WHAT IS EXPECTED
Below is a listing with pictures in it; transcribe exactly the lines from the one that has "Multifunctional Flash Light" through the one that has "3d motion background", and omit those pictures.

RECORDS FOR THIS TASK
*-*-*
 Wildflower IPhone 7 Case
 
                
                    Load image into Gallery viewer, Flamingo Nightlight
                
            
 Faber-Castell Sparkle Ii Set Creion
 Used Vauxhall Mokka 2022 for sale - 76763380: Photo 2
*-*-*
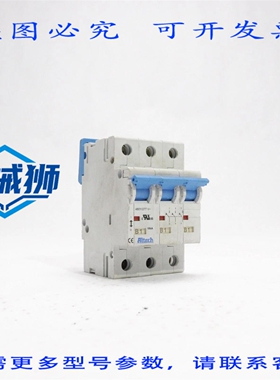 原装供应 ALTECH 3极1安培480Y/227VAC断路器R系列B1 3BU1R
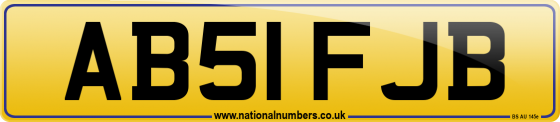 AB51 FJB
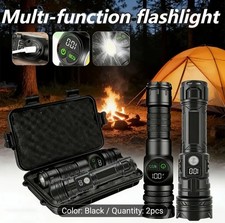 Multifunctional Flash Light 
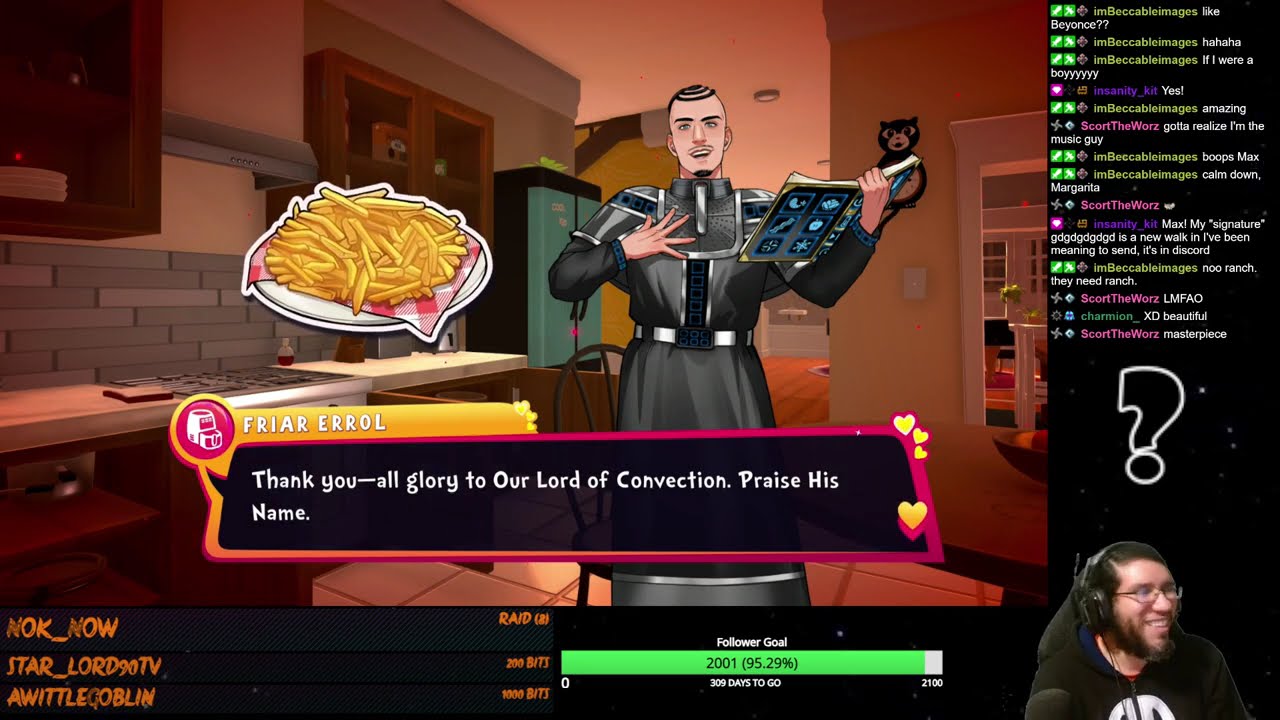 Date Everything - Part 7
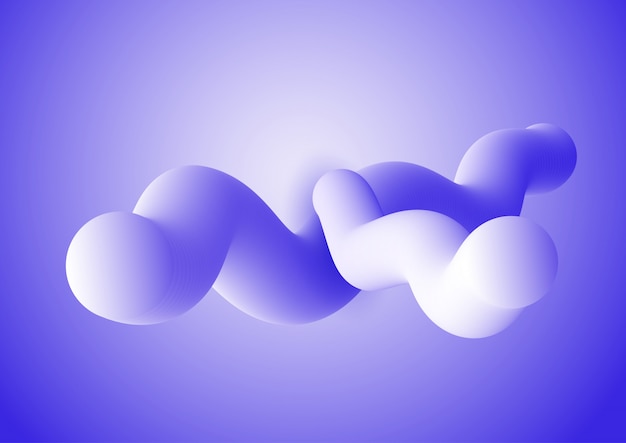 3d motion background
*-*-*
WRITTEN RESPONSE
 Multifunctional Flash Light 
 Date Everything - Part 7
 3d motion background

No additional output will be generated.